When War was declared the 4th Battalion's annual camp was taking place at Yarmouth, and the men were asked to volunteer for 
service overseas there and then.  Almost all of them did so.  It mobilised in November, reaching France on 13th, and saw action in 
some of the costliest battles on the Western Front.  Many local men who had been 'Saturday Night Soldiers' served in this Battalion, 
and went on to fight in battles such as Neuve Chapelle (1914), Noeux-les-Mines (1915), the Somme (1916), Polygon Wood, near 
Ypres (1917) and the final attack and counter-attacks of 1918.
The Suffolks served with distinction in France, Flanders, Gallipoli, Egypt, Macedonia, Palestine and on Home Defence. By the end 
of the War a total of seventeen new batallions had been formed, of which ten served overseas, and nearly 7,000 men had given 
their lives.
Suffolk Regiment Victoria Cross Holders

A number of men have won the Victoria Cross while serving with the Suffolk Regiment, but only two of them were Suffolk Regiment 
soldiers:
No 3/10133 Sgt Arthur Frederick Saunders, 9th (Service) Battalion, was awarded the Victoria Cross for gallantry at Loos on 26 September 
1915.  'For most conspicuous bravery. When his officer had been wounded in the attack he took charge of two machine guns and a few men 
and, although severely wounded in the thigh, closely followed the last four charges of another battalion and rendered every possible support. 
Later when the remains of the battalion which he had been supporting had been forced to retire, he stuck to one of his guns, continued to 
give clear orders, and by his continuous firing did his best to cover the retirement'. 
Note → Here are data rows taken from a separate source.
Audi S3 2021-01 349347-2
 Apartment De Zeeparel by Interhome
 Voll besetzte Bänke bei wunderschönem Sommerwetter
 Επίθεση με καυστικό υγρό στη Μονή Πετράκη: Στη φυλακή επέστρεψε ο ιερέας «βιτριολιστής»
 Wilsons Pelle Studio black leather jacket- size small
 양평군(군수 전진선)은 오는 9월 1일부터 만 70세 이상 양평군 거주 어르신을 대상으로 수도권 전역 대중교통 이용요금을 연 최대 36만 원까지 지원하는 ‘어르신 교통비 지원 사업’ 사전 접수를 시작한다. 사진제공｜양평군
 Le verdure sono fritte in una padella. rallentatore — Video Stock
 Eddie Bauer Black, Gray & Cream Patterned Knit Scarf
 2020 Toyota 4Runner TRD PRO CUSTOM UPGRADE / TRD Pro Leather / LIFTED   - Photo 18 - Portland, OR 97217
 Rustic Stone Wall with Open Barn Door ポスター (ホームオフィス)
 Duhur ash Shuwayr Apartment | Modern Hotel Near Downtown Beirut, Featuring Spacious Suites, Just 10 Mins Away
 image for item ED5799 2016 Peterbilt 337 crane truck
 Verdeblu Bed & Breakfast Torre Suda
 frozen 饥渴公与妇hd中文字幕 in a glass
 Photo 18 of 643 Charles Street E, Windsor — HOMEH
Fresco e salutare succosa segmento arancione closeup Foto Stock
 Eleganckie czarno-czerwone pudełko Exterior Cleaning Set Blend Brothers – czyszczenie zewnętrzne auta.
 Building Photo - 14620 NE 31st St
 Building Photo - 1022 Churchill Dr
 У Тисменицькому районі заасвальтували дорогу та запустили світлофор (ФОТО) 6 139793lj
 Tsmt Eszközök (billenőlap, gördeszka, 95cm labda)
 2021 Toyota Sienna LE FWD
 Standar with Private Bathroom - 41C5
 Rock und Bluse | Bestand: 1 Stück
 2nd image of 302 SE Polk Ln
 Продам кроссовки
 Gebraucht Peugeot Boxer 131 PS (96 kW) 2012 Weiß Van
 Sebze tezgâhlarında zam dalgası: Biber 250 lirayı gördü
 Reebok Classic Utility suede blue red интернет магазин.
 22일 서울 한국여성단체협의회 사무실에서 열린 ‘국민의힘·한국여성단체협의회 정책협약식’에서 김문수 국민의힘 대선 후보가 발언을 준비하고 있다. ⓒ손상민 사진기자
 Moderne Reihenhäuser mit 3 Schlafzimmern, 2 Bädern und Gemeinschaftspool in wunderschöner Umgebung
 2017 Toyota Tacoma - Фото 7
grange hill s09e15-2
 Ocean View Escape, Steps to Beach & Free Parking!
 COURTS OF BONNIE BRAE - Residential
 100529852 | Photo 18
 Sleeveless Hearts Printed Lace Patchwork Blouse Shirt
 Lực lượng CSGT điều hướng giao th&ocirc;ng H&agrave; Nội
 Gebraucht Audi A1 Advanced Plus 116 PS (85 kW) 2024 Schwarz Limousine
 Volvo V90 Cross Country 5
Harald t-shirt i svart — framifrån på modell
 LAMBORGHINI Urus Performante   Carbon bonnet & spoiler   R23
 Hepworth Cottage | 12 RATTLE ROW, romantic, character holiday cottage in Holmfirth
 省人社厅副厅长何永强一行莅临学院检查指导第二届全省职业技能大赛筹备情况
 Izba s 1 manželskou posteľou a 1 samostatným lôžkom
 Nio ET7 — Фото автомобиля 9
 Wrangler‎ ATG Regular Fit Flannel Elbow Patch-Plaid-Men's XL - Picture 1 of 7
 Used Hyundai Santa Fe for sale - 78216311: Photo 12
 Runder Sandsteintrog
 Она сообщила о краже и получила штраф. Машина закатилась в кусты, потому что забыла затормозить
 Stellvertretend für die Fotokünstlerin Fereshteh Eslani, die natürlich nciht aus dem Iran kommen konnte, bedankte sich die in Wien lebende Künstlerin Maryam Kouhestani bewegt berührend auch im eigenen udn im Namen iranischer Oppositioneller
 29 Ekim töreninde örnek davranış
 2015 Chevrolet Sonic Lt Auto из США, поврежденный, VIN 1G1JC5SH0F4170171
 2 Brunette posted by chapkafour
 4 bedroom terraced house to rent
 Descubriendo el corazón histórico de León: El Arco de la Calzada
No 15092 Cpl Sidney James Day, 11th (Service) Battalion, was awarded the Victoria Cross for most conspicuous bravery, on 26 August 
1917.  'Cpl Day successfully commanded a bombing section detailed to clear enemy trenches, killing two and taking four prisoners. Where 
the trench was levelled, he went on alone to contact flanking troops. On his return, a stick-bomb fell into the trench where there were five 
wounded.  He seized the bomb and threw it out, where it exploded harmlessly, saving the lives of the wounded. He completed the clearing of 
the trench and remained in an advanced position for sixty-four hours under constant fire. His conduct throughout was an inspiration to all'.